While some on the commission are already treating the possible construction of a 30- to 40-acre Big League Dreams ballpark as a grand slam, Convention and Visitors Bureau President Kalene Griffith knows the city hasn’t even stood up off the bench yet.
Neither the Convention and Visitors Bureau nor the commission is in a position to undertake the project without a number of approvals, most notably those of Big League Dreams and the City Council, Griffith said.
Commissioners recently visited a Big League Dreams complex in Mansfield, Texas, and after learning it draws an estimated 400, 000 visitors per year, commissioners have become cheerleaders for the idea of bringing the organization to Bentonville.
There is one obstacle that could rain out the project before any of the action starts: Benton County is dry.

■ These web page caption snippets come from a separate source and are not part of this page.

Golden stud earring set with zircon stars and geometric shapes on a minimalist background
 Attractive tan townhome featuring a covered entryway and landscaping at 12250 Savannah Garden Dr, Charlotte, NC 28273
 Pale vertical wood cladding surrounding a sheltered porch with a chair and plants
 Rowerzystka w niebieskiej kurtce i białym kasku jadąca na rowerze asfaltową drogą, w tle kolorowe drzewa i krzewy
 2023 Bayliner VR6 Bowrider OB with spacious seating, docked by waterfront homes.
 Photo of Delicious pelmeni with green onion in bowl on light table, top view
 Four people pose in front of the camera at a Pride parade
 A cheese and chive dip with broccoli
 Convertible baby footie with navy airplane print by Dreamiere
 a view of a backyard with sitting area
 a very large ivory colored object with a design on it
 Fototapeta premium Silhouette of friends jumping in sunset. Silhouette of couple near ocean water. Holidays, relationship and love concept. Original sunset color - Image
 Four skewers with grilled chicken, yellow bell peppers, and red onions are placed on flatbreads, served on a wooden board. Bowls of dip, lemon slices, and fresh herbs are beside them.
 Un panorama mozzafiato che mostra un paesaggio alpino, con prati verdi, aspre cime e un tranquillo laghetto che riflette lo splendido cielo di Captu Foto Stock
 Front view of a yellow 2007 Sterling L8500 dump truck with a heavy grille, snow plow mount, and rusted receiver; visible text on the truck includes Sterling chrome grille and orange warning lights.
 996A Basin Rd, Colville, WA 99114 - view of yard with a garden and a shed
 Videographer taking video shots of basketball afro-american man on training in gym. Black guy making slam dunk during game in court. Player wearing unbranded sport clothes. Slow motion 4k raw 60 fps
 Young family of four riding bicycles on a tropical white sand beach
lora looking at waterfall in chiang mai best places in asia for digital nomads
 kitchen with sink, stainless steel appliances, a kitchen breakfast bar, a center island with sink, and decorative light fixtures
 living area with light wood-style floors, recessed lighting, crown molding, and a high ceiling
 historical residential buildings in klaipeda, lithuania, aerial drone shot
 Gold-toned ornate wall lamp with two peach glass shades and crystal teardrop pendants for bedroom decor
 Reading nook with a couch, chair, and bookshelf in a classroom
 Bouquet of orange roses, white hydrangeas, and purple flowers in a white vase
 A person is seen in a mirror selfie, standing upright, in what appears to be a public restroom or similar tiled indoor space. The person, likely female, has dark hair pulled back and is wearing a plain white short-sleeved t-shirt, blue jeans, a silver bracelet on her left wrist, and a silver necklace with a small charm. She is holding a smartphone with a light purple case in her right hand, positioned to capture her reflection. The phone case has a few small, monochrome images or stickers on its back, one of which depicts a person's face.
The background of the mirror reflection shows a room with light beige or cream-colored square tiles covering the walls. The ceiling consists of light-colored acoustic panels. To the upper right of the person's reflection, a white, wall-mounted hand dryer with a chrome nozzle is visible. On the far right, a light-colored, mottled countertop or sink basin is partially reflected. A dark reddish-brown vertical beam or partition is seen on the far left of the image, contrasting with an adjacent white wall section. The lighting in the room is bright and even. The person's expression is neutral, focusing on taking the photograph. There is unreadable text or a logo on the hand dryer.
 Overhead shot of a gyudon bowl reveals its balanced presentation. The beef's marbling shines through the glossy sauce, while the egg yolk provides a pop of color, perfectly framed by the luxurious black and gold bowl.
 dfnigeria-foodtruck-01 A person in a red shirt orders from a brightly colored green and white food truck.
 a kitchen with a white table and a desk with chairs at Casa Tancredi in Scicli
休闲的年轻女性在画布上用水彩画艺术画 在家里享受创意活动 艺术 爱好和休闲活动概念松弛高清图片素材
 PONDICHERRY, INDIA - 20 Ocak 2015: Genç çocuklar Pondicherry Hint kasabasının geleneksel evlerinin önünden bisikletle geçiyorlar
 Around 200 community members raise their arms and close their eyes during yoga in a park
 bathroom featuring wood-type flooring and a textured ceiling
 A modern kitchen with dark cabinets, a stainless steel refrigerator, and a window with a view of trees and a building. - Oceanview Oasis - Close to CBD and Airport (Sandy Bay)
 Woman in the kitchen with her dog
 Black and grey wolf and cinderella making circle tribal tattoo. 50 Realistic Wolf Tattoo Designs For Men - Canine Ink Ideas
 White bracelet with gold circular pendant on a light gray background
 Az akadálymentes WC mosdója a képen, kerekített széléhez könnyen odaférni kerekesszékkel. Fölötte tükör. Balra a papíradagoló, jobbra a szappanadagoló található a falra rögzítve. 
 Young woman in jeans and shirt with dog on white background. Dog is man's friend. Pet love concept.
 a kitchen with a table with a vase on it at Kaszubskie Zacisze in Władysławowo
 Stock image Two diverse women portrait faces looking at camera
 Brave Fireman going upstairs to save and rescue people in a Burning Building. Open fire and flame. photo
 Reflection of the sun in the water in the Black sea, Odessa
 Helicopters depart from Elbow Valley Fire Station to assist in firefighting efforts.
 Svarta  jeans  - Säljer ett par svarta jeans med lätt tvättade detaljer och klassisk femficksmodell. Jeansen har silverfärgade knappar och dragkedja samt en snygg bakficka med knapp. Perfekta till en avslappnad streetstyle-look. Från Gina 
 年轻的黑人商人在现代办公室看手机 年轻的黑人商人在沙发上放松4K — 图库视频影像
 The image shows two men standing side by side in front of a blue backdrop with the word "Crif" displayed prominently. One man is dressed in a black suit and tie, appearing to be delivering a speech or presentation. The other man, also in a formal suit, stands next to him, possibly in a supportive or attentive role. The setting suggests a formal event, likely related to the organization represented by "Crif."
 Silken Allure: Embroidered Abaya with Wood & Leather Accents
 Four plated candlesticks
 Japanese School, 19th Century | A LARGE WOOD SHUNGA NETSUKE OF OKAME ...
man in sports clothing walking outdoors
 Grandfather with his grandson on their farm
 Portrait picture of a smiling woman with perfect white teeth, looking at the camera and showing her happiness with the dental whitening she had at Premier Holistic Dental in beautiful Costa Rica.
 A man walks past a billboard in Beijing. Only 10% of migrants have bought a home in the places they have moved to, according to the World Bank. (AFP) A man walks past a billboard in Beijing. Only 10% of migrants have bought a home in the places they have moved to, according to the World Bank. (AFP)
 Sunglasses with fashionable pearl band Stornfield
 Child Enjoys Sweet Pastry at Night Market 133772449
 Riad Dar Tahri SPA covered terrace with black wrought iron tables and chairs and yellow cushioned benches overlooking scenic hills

Big League Dreams, Griffith reported, expects to sell alcohol at the facility, should it ever be built. As a result of the contracts the organization seeks to sign, the city would be constructing a facility where alcohol is to be sold.
Bentonville would be expected to build the facility, the cost of which Griffith estimated at $ 24 million. It would include six to eight ball fields, a batting cage, a restaurant and an indoor events center. Big League Dreams would then be responsible for operations and maintenance for the facility, Griffith said.
But if the city built the facility, essentially making it a city park, Commissioner Paul Nelson wanted to know if alcohol sales would still be allowed.
Nelson said he still wants to pursue the idea of the ballpark but added that the city needs to be ready to find other options.
“ If we can’t get Big League Dreams, we can go out and do it ourselves, ” he said. “ I know that we can’t do what they can do (through marketing ), but I think we can do something close. ”
Several commissioners compared the park to private businesses, including Nelson’s Cafe Rue Orleans, which are allowed to sell alcohol because they are private clubs, but Nelson reminded them there is nothing private about a city-owned facility.
Griffith has several locations in mind for the ballpark. She said it would attract restaurants, hotels and other commercial businesses, especially to the area directly surrounding the sports facility. In addition to the potential of additional sales-tax revenue, the city could also benefit from a revenue-sharing agreement with Big League Dreams, depending largely on that facility’s annual revenue, Griffith said.
Whatever the city does, Commissioner Kim Eason noted the need to move quickly. The city of Rogers, she said, is already putting money into its parks. During its meeting Tuesday, the Rogers City Council approved a $ 2. 3 million allocation to fund construction of two baseball fields and two softball fields at Veterans Park.